You can do any rust optimization yourself in C++ (ie. aliasing assumptions), whereas rust makes the other way around very difficult, often forcing you to use multiple layers of indirection where c++ would allow a raw pointer, or forcing an unwrap on something you know is infallible when exceptions would add no overhead, etc. Rust programmers want people to believe that whatever appeases the supposedly zero cost borrow checker is the fastest thing to do even though it has proven to be wrong time and time again. I can’t tell you how many times I’ve seen r/rust pull the “well why do you want to do that” or “are you sure it even matters” card every time rust doesn’t allow you to write optimized code.
> You can do any rust optimization yourself in C++ (ie. aliasing assumptions)
I don’t think that is entirely true. C++ doesn’t have any aliasing requirements around pointers, so if the compiler sees two pointers it has to assume they might alias (unless the block is so simple it can determine aliasing itself, which is usually not the case), but in Rust mutable references are guaranteed to not alias.

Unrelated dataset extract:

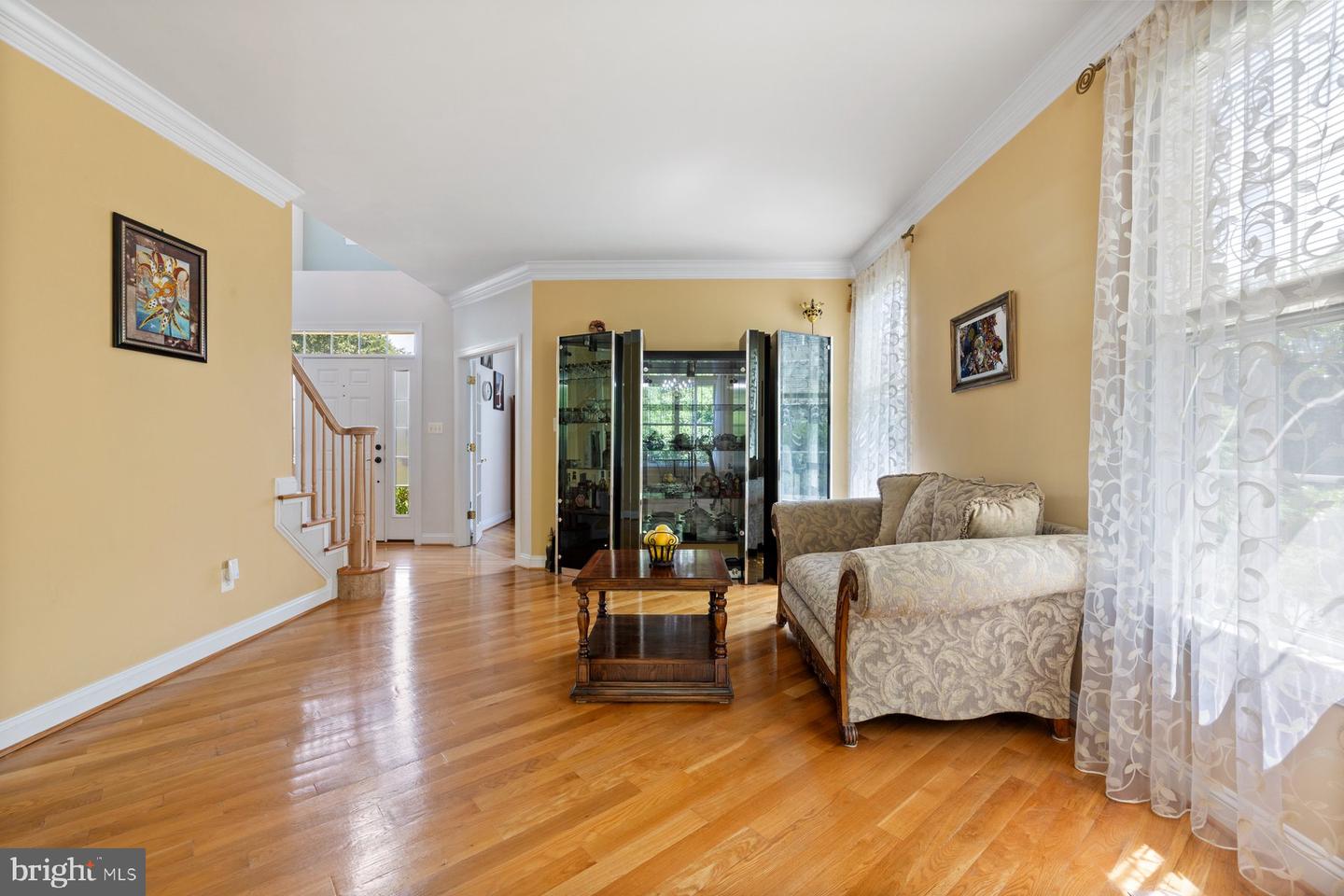 43656 RIVERPOINT DR, LEESBURG, Virginia 20176, 5 Bedrooms Bedrooms, ,3 BathroomsBathrooms,Residential,For sale,43656 RIVERPOINT DR,VALO2100990 MLS # VALO2100990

This was part of the reason it took so long to land the “noalias” LLVM attribute in Rust. That optimization was rarely used in C/C++ land so it had not been battle tested. Rust found a host of LLVM bugs because it enables the optimization everywhere.
While standard C++ has no equivalent of a noalias annotation, it's wrong to say that it has no aliasing requirements. To access an object behind a pointer (or a glvalue in general), the type of the pointer must be (with a few exceptions) similar to the type of the pointee in memory, which is generally the object previously initialized at that pointer's address. This enables type-based alias analysis (TBAA) in the compiler, where if a pointer is accessed as one type, and another pointer is accessed as a dissimilar type, then the compiler can assume that the pointers don't alias.
Meanwhile, Rust ditches TBAA entirely, retaining only initialization state and pointer provenance in its memory model. It uses its noalias-based model to make up for the lack of type-based rules. I'd say that this is the right call from the user's standpoint, but it can definitely be seen as a tradeoff rather than an unqualified gain.
Because existing unsafe code written in stable Rust depends on the ability to convert raw pointers and references from one type to another, as long as their memory layouts match. That's the whole premise of the bytemuck crate [0], and it's the basis for things like the &str-to-&[u8] or &[u8]-to-&str conversions in the standard library.
That is correct. However, raw pointers are not borrow checked, in safe Rust they're largely useless, but in unsafe Rust you can use raw pointers if that's what you need to do to get stuff done.
As an example inside a String is just a Vec<u8> and inside the Vec<u8> is a RawVec<u8> and that is just a pointer, either to nothing in particular or to the bytes inside the String if the String has allocated space for one or more bytes - plus a size and a capacity.
The argument for the Exception price is that we told you Exceptions were for Exceptional situations. This argument feels reasonable until you see it in context as a library author.
Suppose I'm writing a Clown Redemption library. It's possible to Dingle a Clown during redemption, but if the Clown has already dingled that's a problem so... should I raise an exception? Alice thinks obviously I should raise an exception for that, she uses a lot of Clowns, the Clown Redemption library helps her deliver high quality Clown software and it's very fast, she has never dingled a Clown and she never plans to, the use of exceptions suits Alice well because she can completely ignore the problem.
Unfortunately Bob's software handles primarily dingling Clowns, for Bob it's unacceptable to eat an exception every single damn time one of the Clowns has already been dingled, he demands an API in which there's just a return value from the dingling function which tells you if this clown was already dingled, so he can handle that appropriately - an exception is not OK because it's expensive.
Alice and Bob disagree about how "exceptional" the situation is, and I'm caught in the middle, but I have to choose whether to use exceptions. I can't possibly win here.
Like I said, this argument doesn’t work because you can use options in c++ but you can’t use exceptions in rust. So when there’s an occasion where you want to avoid the overhead of an option or result in rust - well too bad.
If all you care about is outright performance, having the option for exceptions is easily the superior choice. The binary does get bigger but those are cold pages so who cares (since exceptions are exceptional, right?)